Jusqu’au 31 octobre 2011, les éditions Akata organisent un concours pour gagner 10 exemplaires du tome 1 dédicacé du seinen Syndrome 1866 (cliquez ici pour participer). L’occasion de découvrir cette adaptation du célèbre roman russe Crime et Châtiment par Naoyuki Ochiai.

De la même manière que dans Crime et Châtiment (paru en 1866), Syndrome 1866 raconte le parcours d’un jeune adulte, ici un hikikomori, devenu criminel. Miroku est un étudiant brillant qui a dû s’installer loin de sa famille après avoir intégré une bonne université. Fatigué du monde qui l’entoure, il a laissé tomber la fac depuis plusieurs mois et ne se rend plus à ses petits boulots. Il s’est isolé chez lui vivant avec le peu d’argent que sa sœur lui envoie. En colère, Miroku ne supporte plus la pression que lui impose sa famille qui s’est sacrifiée pour l’envoyer étudier et lui permettre de trouver une bonne situation ensuite. Quand il est témoin d’un acte immoral : une lycéenne, Risa, qui fait du racolage et emmène un homme dans un love hotel, c’est la goutte d’eau. Alors qu’il essaie d’en savoir plus, il met le doigt sur un vrai réseau de proxénétisme supervisé par une jeune femme cruelle et sans limite, Hikaru. Comment le monde a-t-il pu en arriver là ? Miroku est persuadé qu’il doit agir, il a un plan.

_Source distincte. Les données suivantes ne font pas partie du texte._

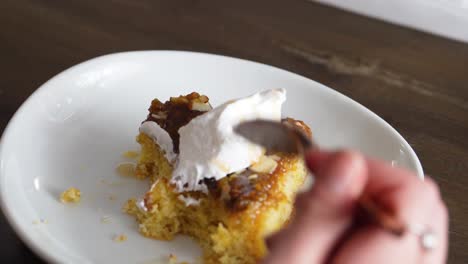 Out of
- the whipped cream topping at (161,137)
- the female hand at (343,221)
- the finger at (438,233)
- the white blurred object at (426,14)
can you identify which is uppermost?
the female hand at (343,221)

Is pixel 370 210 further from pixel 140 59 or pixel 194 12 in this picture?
pixel 194 12

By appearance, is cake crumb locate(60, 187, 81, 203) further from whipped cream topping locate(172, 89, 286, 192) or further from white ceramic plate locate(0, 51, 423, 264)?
whipped cream topping locate(172, 89, 286, 192)

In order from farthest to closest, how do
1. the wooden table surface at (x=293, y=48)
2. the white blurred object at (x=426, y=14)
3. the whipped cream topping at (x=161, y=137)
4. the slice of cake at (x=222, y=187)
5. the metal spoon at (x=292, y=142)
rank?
the white blurred object at (x=426, y=14)
the wooden table surface at (x=293, y=48)
the whipped cream topping at (x=161, y=137)
the slice of cake at (x=222, y=187)
the metal spoon at (x=292, y=142)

Tout de suite dans le récit on ressent les frustrations et les sentiments de haine et d’impuissance de Miroku. Ses valeurs morales sont profondément heurtées quand il apprend que sa sœur va se marier à un homme riche et mauvais juste pour subvenir aux besoins de son frère, ou quand Risa, une fille innocente et naïve se retrouve à subir les délires sadiques de Hikaru. Miroku ne se contrôle plus, il ne comprend pas. Comment Risa peut accepter son sort comme ça sans rien dire et comment Hikaru peut être aussi mauvaise et manipulatrice, comment fait-elle pour ne pas éprouver le moindre remords. Pire, prendre du plaisir. Il se pose des questions, cherche des réponses, peut-être celles qui l’empêcheront d’aller au bout de son projet.

© 2007 by Naoyuki Ochiai / FUTABASHA PUBLISHERS LTD., Tokyo

Un projet qu’on devine aussi très rapidement. Tuer Hikaru. Miroku arrive à se convaincre que son acte rendrait service à tous le monde. Il se justifie d’ailleurs en prenant appuie sur le discours d’un militaire américain à la TV. Celui-ci parle de dommages collatéraux en temps de guerre. Il explique que le sang d’innocents a été versé mais que c’est pour le bien de la démocratie (tout comme Raskolnikov avait cité Napoléon dans le roman Crime et Châtiment). Pourtant il regrettera son geste. Son acte qui semblait légitime va devenir invivable. C’est le monologue de Miroku qui vend la mèche. C’est en fait lui qui nous raconte son histoire. Comment il est devenu un criminel avec ses doutes à ce moment là, ce qu’il ressentait, superposé à ce qu’il ressent désormais et comment il voit ce qu’il a vécu.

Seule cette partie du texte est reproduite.